• **Exercise aim**
Exactly the lines from the top of the records below through the one containing "BMW Serie 6" must be set down, with no line added or dropped.

(Records from a data source)
== Segment start ==

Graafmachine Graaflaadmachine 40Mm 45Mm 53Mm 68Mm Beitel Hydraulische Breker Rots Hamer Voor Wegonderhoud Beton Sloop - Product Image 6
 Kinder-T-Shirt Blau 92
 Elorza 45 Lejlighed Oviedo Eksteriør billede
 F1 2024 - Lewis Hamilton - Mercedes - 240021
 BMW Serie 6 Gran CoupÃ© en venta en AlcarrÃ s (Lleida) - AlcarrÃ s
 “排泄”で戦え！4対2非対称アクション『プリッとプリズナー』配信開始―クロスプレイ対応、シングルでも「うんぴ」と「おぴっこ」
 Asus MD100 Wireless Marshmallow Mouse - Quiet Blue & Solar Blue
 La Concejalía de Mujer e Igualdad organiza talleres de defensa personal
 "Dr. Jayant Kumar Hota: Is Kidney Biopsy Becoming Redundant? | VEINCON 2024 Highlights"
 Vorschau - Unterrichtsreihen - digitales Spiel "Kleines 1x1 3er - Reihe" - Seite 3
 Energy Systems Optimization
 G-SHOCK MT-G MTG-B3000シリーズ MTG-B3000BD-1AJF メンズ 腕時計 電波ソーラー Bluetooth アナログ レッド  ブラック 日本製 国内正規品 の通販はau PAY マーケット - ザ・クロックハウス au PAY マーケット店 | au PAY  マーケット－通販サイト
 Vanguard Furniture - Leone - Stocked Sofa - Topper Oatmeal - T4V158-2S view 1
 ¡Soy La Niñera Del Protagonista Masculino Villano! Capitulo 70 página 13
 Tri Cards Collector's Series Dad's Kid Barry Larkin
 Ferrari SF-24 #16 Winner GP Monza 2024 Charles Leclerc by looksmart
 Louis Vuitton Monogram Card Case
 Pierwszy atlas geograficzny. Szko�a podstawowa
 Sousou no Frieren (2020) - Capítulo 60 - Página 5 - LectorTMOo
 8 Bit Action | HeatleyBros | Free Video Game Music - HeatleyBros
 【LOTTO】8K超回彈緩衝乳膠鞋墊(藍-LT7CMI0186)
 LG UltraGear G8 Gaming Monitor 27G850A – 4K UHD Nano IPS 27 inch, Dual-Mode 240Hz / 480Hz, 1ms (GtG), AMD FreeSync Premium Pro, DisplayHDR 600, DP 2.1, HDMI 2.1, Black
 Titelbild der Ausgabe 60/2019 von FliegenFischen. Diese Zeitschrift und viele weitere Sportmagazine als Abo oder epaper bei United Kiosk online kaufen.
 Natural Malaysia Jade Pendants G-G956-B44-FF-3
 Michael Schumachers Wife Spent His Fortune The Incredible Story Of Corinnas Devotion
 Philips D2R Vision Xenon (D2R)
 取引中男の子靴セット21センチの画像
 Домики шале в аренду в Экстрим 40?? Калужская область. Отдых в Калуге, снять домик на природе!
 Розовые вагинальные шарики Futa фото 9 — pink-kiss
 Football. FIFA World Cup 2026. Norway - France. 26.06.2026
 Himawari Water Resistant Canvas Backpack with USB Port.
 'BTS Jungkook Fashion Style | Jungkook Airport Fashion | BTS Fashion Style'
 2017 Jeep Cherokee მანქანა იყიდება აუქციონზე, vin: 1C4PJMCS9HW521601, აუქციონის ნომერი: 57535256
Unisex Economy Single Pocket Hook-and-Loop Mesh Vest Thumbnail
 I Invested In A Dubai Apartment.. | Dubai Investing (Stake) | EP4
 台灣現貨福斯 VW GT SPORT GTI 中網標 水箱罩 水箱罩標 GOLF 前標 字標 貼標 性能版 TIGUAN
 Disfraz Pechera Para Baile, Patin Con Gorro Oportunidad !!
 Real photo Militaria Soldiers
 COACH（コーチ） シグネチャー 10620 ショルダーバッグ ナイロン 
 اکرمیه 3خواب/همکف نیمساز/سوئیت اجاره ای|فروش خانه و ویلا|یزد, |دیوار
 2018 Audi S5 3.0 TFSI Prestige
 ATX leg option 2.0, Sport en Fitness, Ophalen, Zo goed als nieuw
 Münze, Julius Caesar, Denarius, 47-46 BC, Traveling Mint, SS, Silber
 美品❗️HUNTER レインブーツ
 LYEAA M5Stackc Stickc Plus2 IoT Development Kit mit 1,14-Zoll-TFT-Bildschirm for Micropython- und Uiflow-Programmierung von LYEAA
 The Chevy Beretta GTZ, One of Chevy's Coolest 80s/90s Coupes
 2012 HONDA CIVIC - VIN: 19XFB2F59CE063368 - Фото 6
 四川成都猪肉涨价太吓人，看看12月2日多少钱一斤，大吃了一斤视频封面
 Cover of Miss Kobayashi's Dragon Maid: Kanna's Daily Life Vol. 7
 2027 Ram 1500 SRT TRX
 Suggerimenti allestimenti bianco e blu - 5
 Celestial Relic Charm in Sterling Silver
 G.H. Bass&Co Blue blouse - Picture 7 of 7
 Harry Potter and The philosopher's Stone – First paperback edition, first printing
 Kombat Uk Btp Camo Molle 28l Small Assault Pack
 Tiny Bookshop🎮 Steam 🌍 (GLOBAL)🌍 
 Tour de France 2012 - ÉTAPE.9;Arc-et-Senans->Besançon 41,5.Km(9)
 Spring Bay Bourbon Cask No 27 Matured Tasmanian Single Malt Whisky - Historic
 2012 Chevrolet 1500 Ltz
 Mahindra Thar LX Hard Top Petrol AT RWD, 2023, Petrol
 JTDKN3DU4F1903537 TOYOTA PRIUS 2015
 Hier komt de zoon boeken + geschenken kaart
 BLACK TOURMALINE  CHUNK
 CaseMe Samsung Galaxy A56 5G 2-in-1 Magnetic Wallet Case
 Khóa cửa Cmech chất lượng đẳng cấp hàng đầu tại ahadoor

== Segment end ==

• **Expected answer**
Graafmachine Graaflaadmachine 40Mm 45Mm 53Mm 68Mm Beitel Hydraulische Breker Rots Hamer Voor Wegonderhoud Beton Sloop - Product Image 6
 Kinder-T-Shirt Blau 92
 Elorza 45 Lejlighed Oviedo Eksteriør billede
 F1 2024 - Lewis Hamilton - Mercedes - 240021
 BMW Serie 6 Gran CoupÃ© en venta en AlcarrÃ s (Lleida) - AlcarrÃ s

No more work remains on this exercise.